SLES :/

So … despite my positive impressions at the incredibly slick installer that suse comes with, and how easy it is to get some things working …

some other things, not so much.

For one, the package system is missing some software that I don’t like being without. Like rdesktop (it’s got its own remote desktop client, but you can’t set color depth or anything like that, which is lame). It’s missing pico and nano both. The default install doesn’t include a lot of things that you’d probably quite want …. like ncurses, and the ncurses headers.

I’ve never been a big fan of the chkconfig system … it’s ok, but it’s just not my preference. And I’ve also never been a fan of having useful services started by xinetd. Something about it just rubbed me wrong, I guess from back in my first forays into freebsd.

While there are things that work out of the box pretty nicely, or with only the setup that’d be required to make things work … other things are a bit weird. Like, for instance, you can join a machine to a domain pretty easily, and get it using winbind for valid authentication. But it’s still a mystery to me why these valid authenticated users aren’t allowed to do actual gui logins.
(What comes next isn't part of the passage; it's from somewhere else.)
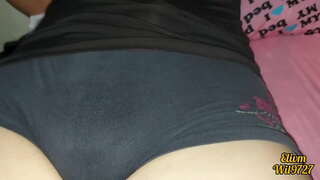 Ŧ�妹接触她的猫在她前面的兄弟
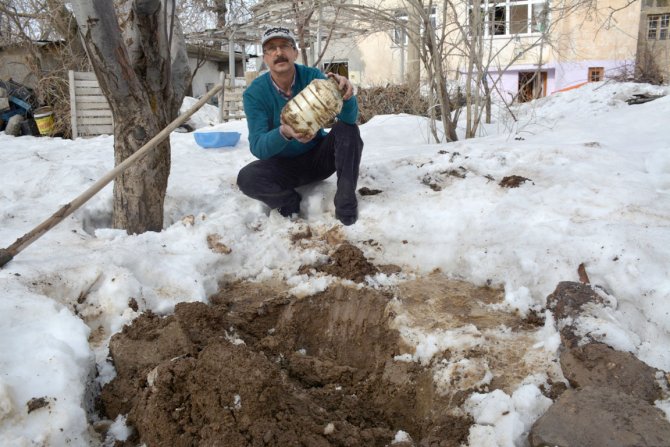 Bitlisliler kar altında kaybolan kışlık yiyeceklerini arıyor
Probably something in the pam stack, but … I’d really think for something priding itself on out-of-the-box functionality, poking around in the pam stack is probably a bit beyond what most of their customers want to do.

The non-free update service annoys me, just like it annoyed me about redhat. Sucks to have another machine that I can’t easily update without buying an overpriced license. I’ll activate the free month of updates tomorrow, but … I’m also going to make sure the machine is no longer a suse box by the time the update period is over.

Still, if you’re a fan of kde (or if you took the time and effort to install gnome), it’s a very very servicable desktop. Very easy to do very advanced things in with minimal fuss.

I think after I get this oracle stuff done (the only reason I’ve got suse on there to begin with) I’m going to bounce over to ubuntu, to see what all the fuss is about there. And then maybe tour FreeBSD again, see how things have changed… and Solaris 10 too. I’ve never been root on a solaris box in the scope of time that I’ve sorta known what I was doing (I installed it once, when I was testing a lot of shit, 2 or 3 release versions ago… didn’t know what was going on, scrapped it for netbsd). Maybe tour Fedora, see how the world is there. But first thing’s first, and the first thing is that oracle database.